2) Types of Different Return Policies
First things first, let's grab a quick look at the different types of return policies that currently exist out there. We'll also mention any brands (that are well-known) which happen to use them.
2.1) Product exchange policy
The first one up is precisely what its name suggests, a return policy where you return a new piece of the ordered product. There is also the option to offer the concerned customer another product with the same value as the one. The latter can be a convenient choice for any firm that may have exhausted its stock for a specific product.
Bean Box is one of the best examples of companies using an exchange return policy. The large coffee subscription service has a good return policy wherein if you don't find the coffee ordered to your liking; you can contact them via email and receive a new one. You do not need to go out of your way to return your original product to them either, helping Bean Box create trust and retain their customers.
2.2) Final sale
Final sale is yet another way businesses can save shipping and return costs. The only reason for you to return any product will be for one of the two reasons :
- Shipping the incorrect product or to the wrong customer.
- Shipping a broken/damaged product.
For the most part, you'll see this policy being applied in brick-and-mortar retail stores. Unlike websites, customers won't have the time to read an entire worded-out notice. Hence a simple sign stating 'No returns or refunds accepted here' can be seen, following the strictest form of the final sale return policy.
The final sale works to save the business from bearing costs of different aspects such as shipping and keeping your product safe from the risks of being damaged even further when it is sent back to you. While the initial cost-effectiveness may grab your attention, it is vital to understand that, in the long run, it is not the best option. The reason is trust. If you (an eCommerce company) display your product as something that cannot be returned unless the item itself has prior damage, then it is unlikely that customers would care to buy such an item.

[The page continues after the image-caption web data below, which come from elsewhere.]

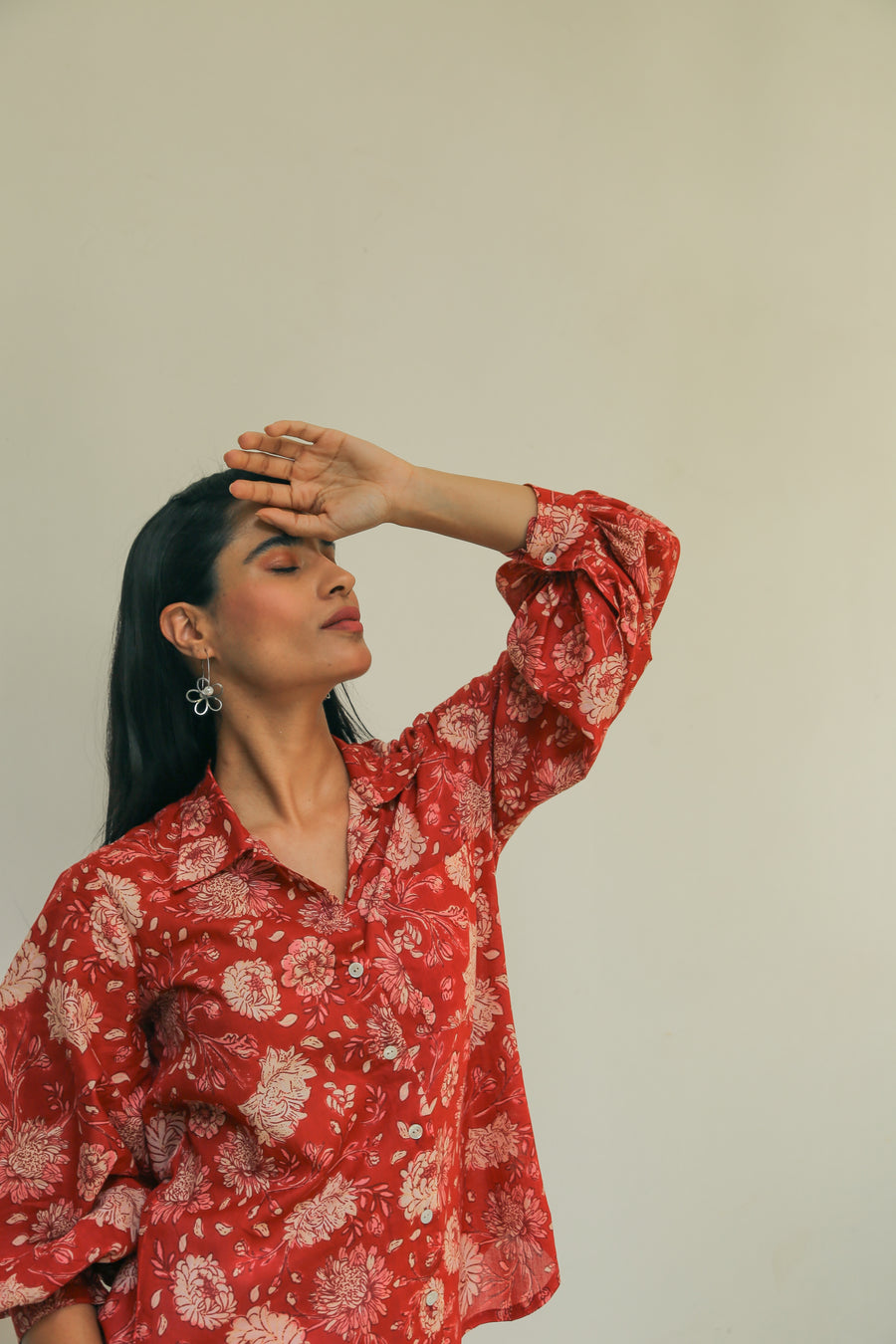 Women’s Red Floral Print Shirt with Bishop Sleeves Shirts Printed Cotton Shirt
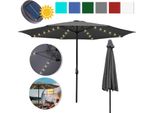Einfeben 3,5M Ombrellone Da Giardino Ombrellone Da Balcone UV40+ Idrorepellente Da Giardino Con Led Solare, Grigio, 3,5M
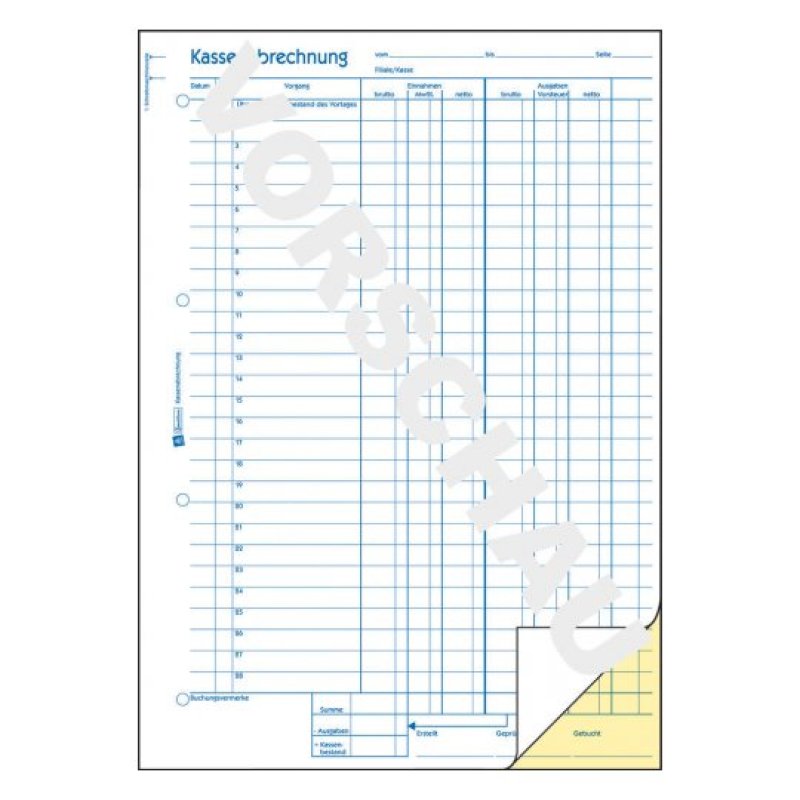 AVERY Zweckform Formularbuch "Kassenabrechnung mit MwSt", A4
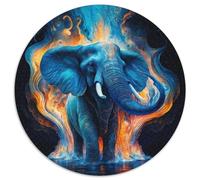 Puzzle per adulti 1000 pezzi Elefante blu Puzzle rotondo Gioco rompicapo, Gioco interattivo per famiglie, Adatto per età 14+ 67,5x67,5 cm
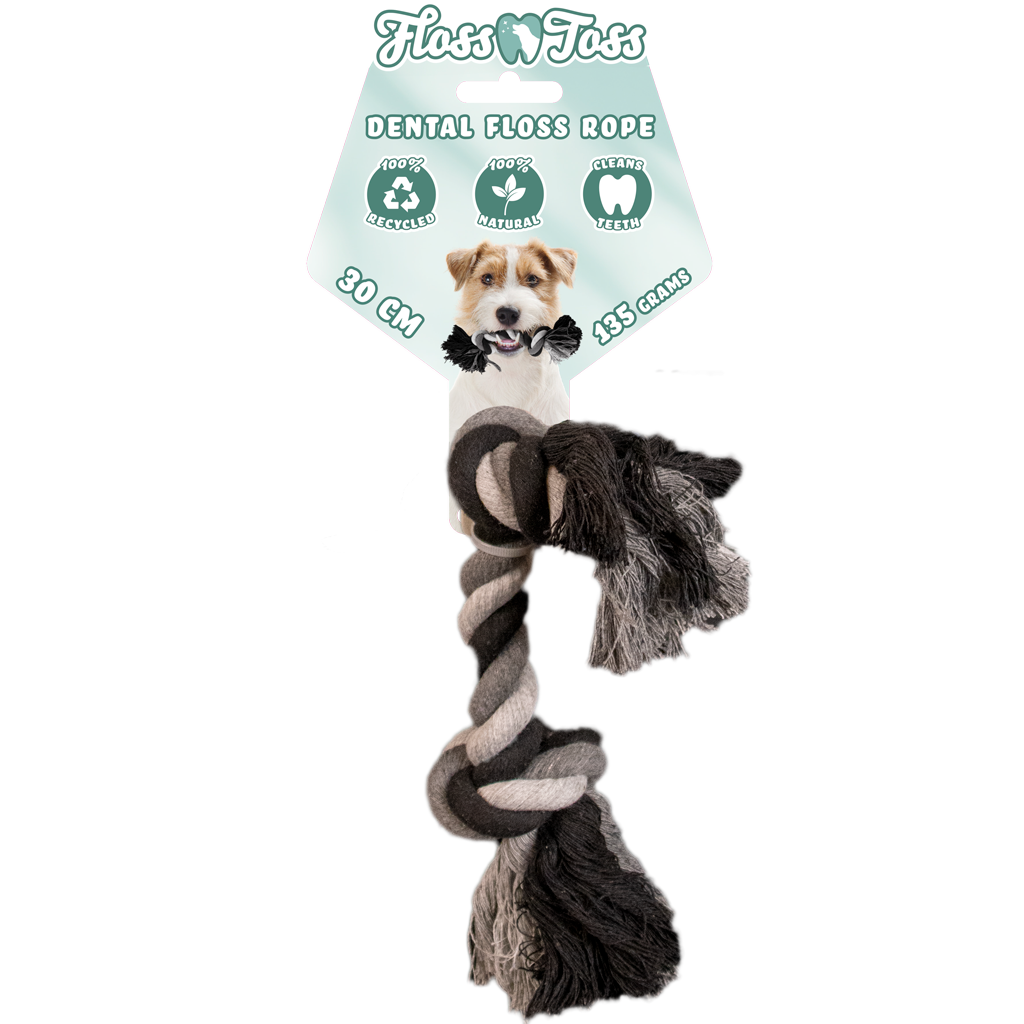 Hundespielzeug Dental-Seil, 2 Knoten, Baumwolle, Ø 2,5 cm, 30 cm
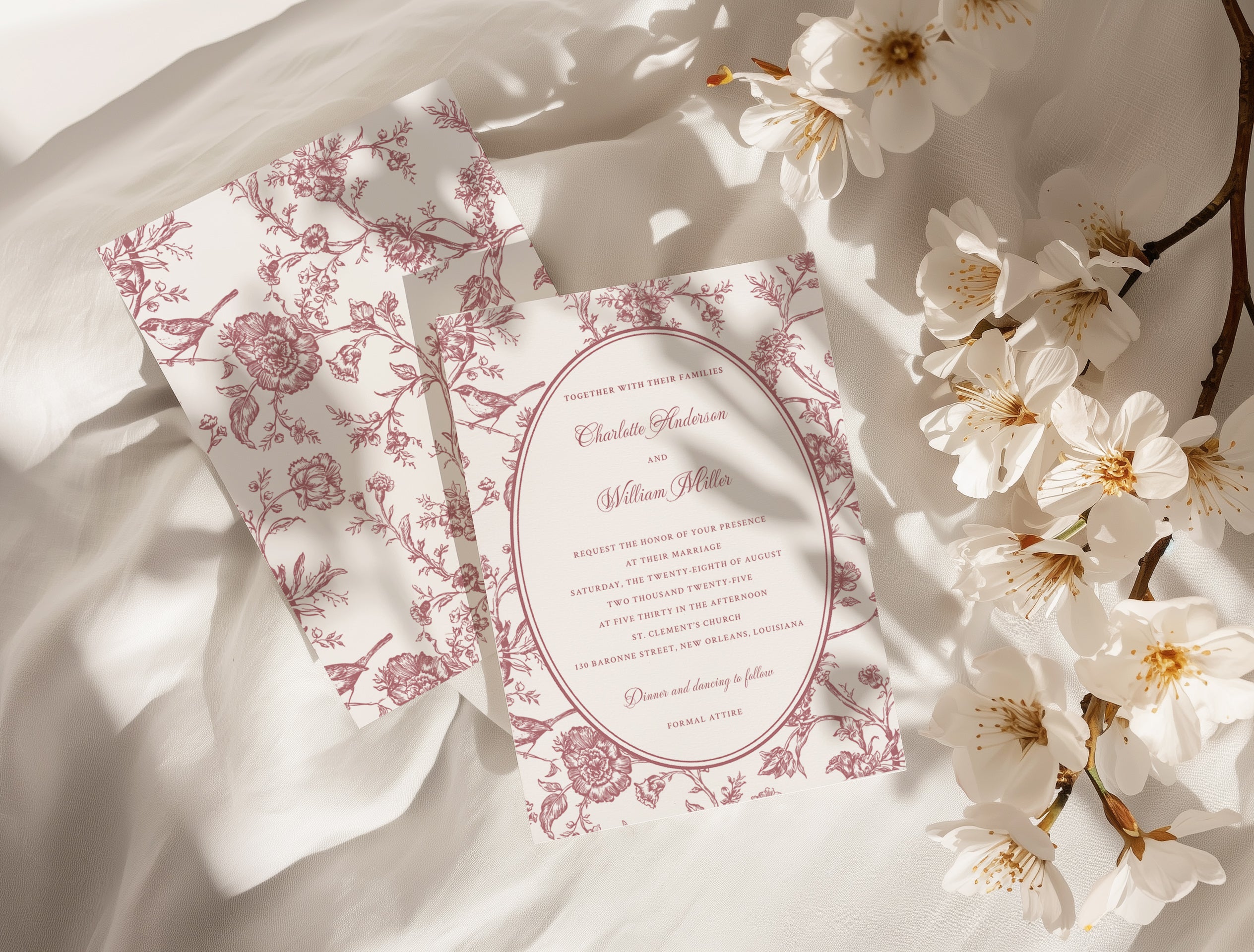 Rococo Affair Pink Toile Botanical Illustration Set PNG & SVG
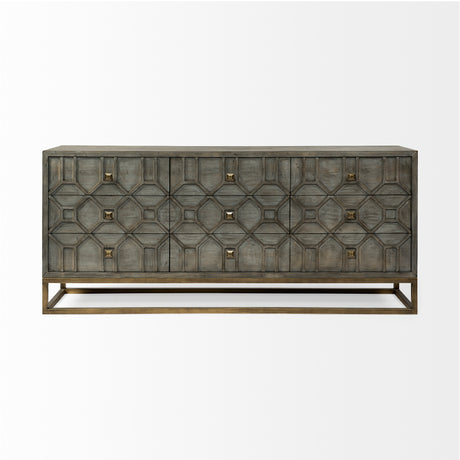 Genevieve II 70x15.8 Gray Fir Veneer W/Gold Metal Frame Base 9 Drawer Sideboard from Mercana - Luna Furniture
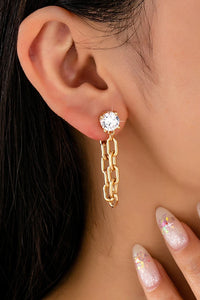 Chrissy Drop Link Stud earring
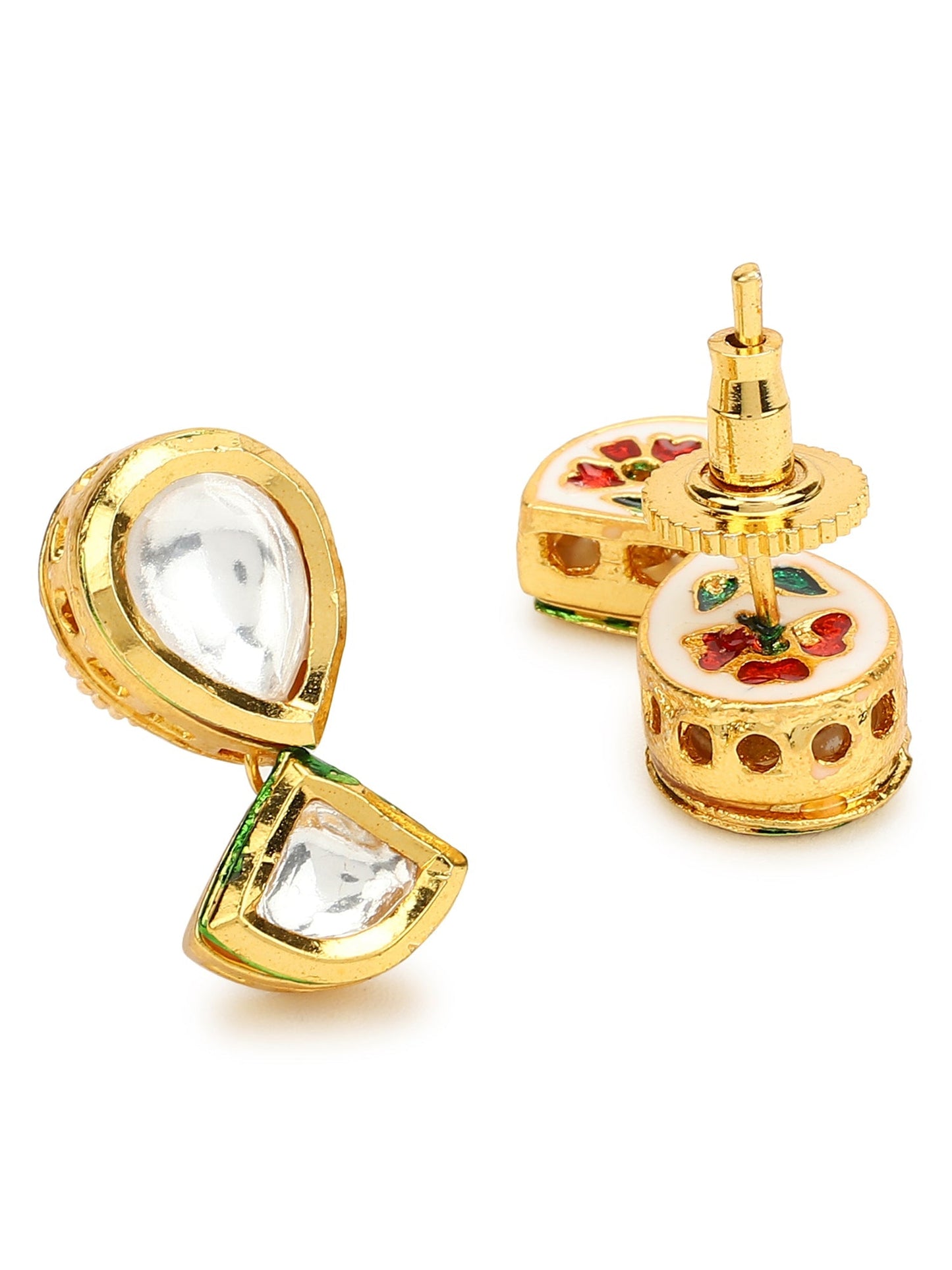 Gold-Toned Circular Studs Earrings - Ruby Raang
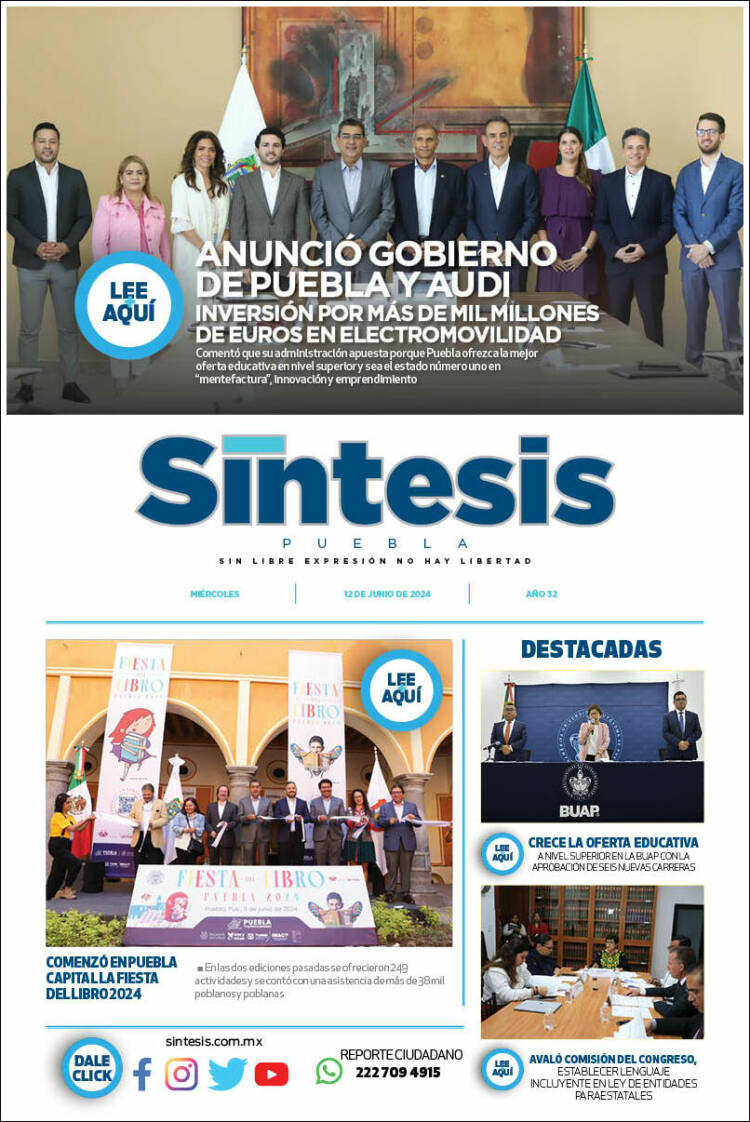 Portada de Síntesis - Puebla (México)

Online stores such as Papichulo Style describe their all sales final return policy in an excellent manner. As long as the product delivered was damaged or given to the wrong customer, you can manage to get a return or a full refund.
2.3) Credit exchange
The last policy on the list deals with you giving a refund to your customers rather than exchanging the actual product in question. The refund itself can (and is usually) be given in the form of store credit such as gift cards. An excellent example of this policy is the eBook website Rakuten kobo. When you return an eBook, you get refunded in-store credit for the same amount you spent.
3) What Customers Prefer In a Return Policy
So, we've taken a look at the different return policies, companies that utilise them and the common problems that most customers face while returning. Let's look at the brighter side of things and find out what customers prefer in a return policy.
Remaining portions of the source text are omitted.